Table of Contents >> Show >> Hide
- What Does It Mean to Repost an Instagram Story?
- How to Repost an Instagram Story You’re Tagged In
- How to Repost a Public Instagram Story
- How to Share an Instagram Post or Reel to Your Story
- How to Repost an Instagram Story When You’re Not Tagged
- Why Can’t I Repost an Instagram Story?
- How to Let Others Repost Your Instagram Story
- Best Practices for Reposting Instagram Stories
- Examples of Smart Instagram Story Reposts
- Instagram Story Reposting Etiquette
- of Real-World Experience: What Actually Works When Reposting Instagram Stories
- Conclusion
Reposting an Instagram Story sounds like it should be as simple as ordering fries with your burger. Tap, share, done. But Instagram, being Instagram, likes to add a few tiny plot twists: Were you tagged? Is the account public? Did the creator allow sharing? Are you reposting a Story, a Reel, or a feed post to your Story? And why does the button you swear was there yesterday suddenly look like it packed a suitcase and moved to another menu?
The good news: reposting an Instagram Story is not complicated once you understand the rules. Whether you want to share a customer shoutout, repost a friend’s birthday Story, amplify a brand mention, or reshare a public Story your followers would love, this guide walks you through every major method step by step.
In this article, you’ll learn how to repost an Instagram Story when you are tagged, how to share a public Story, what to do if the repost button is missing, how to repost a feed post or Reel to your Story, and how to avoid the awkward “Hey, why did you steal my content?” message. Let’s keep your repost game smooth, respectful, and algorithm-friendly.
What Does It Mean to Repost an Instagram Story?
To repost an Instagram Story means to share someone else’s Story content to your own Instagram Story.
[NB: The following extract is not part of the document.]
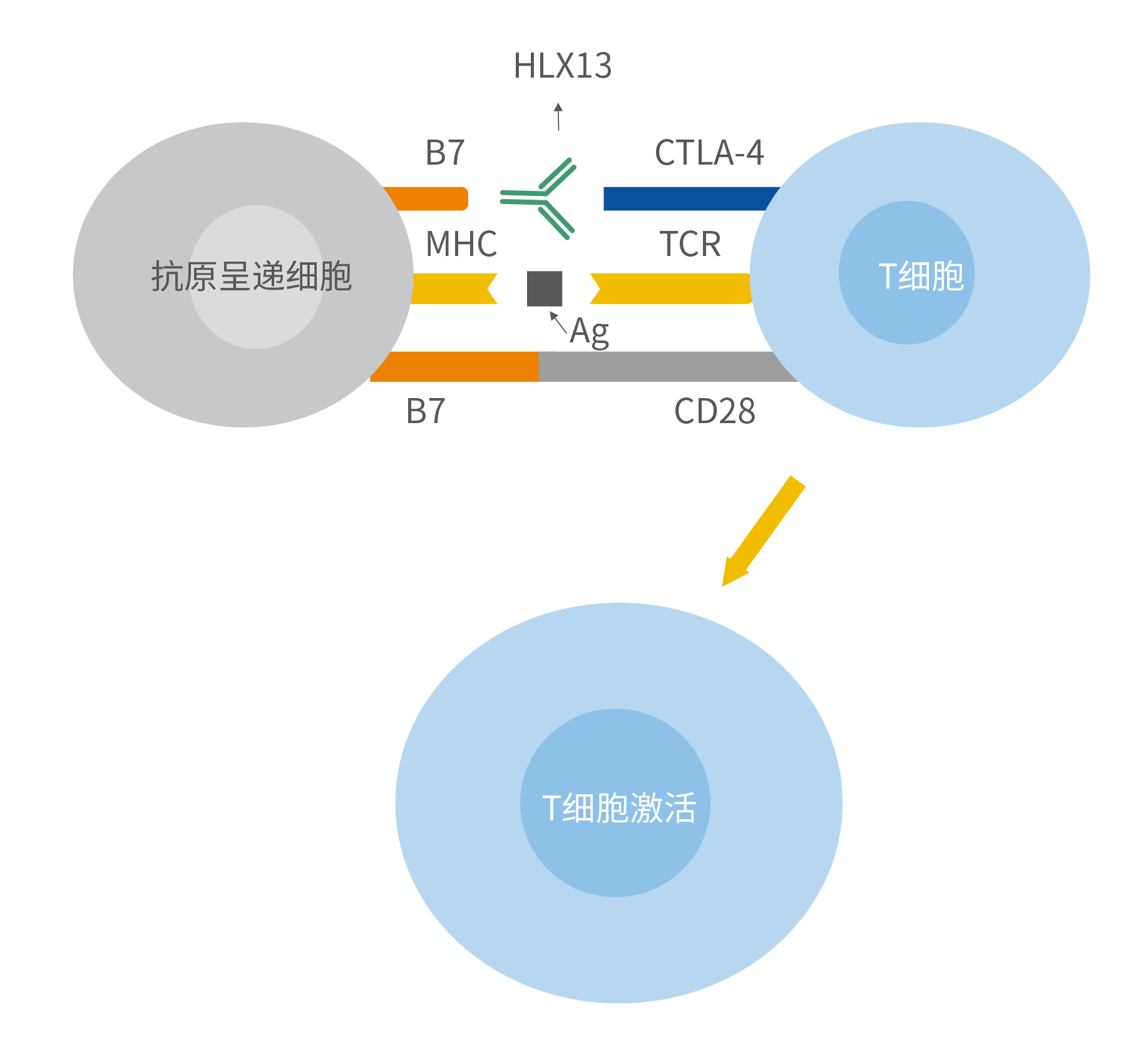 菠菜担保网·(中国区)官方网站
Your followers can then view it from your Story ring, just like they would view something you posted yourself. Depending on the repost method, Instagram may automatically include the original creator’s username, which is helpful for giving credit and keeping things transparent.
There are several types of Instagram reposting, and they are not all the same:
- Reposting a Story you were tagged in: The easiest method. Instagram sends you a direct message, and you can tap “Add to Story.”
- Reposting a public Story: If available, you can tap the share icon and add the public Story to your own Story.
- Sharing a feed post to your Story: You can share eligible public posts, carousels, and Reels to your Story using the paper airplane icon.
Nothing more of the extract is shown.